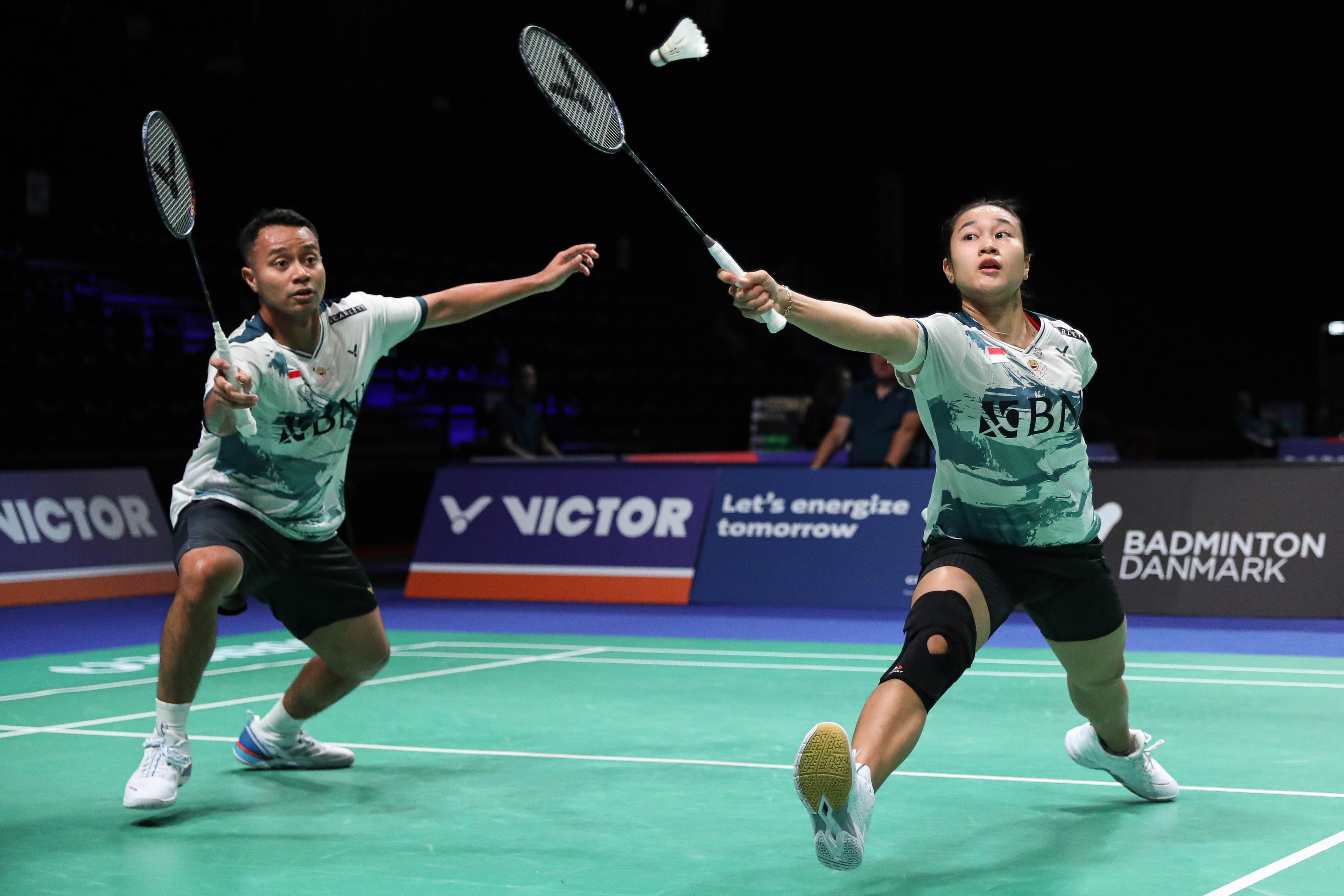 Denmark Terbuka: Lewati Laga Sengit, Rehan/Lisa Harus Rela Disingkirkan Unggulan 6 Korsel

...

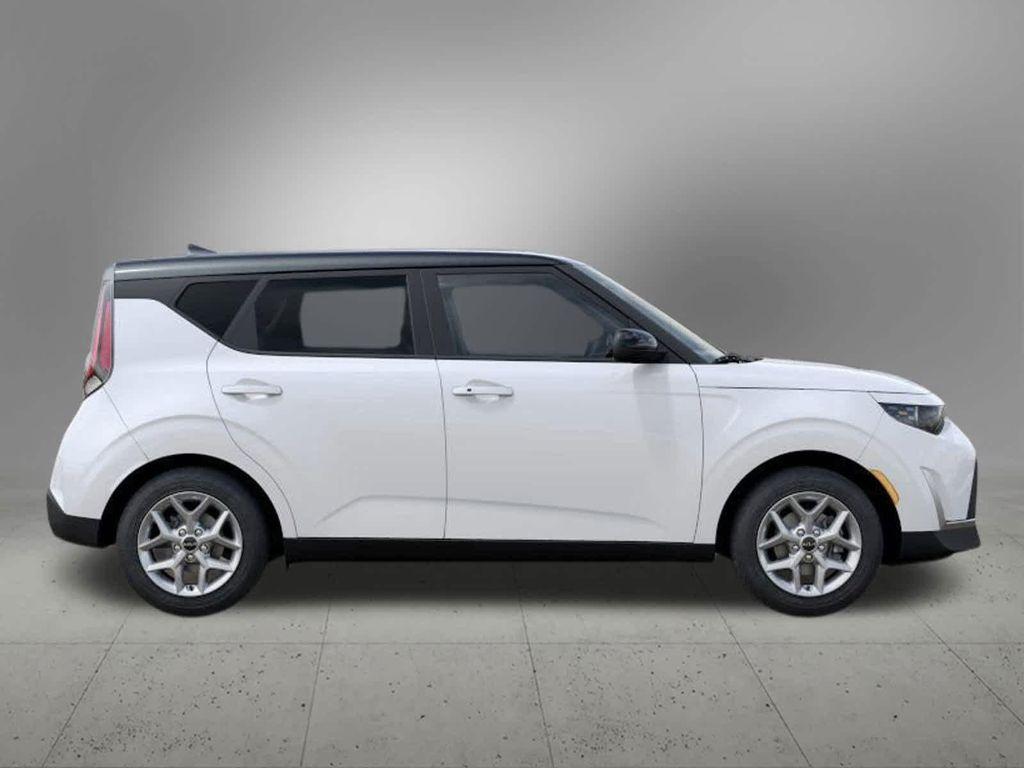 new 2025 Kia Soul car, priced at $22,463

---

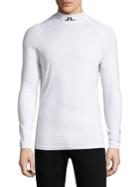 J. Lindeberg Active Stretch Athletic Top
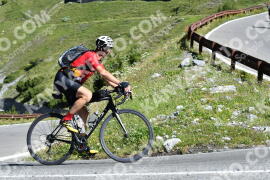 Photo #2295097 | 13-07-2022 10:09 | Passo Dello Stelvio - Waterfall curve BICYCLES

Assigned task> Above are the records; copy from them only the lines starting at the one containing "J. Lindeberg Active Stretch Athletic Top" and ending at the one containing "Photo #2295097 |", exactly and without pictures.

Solution for this exercise>
 J. Lindeberg Active Stretch Athletic Top
 Photo #2295097 | 13-07-2022 10:09 | Passo Dello Stelvio - Waterfall curve BICYCLES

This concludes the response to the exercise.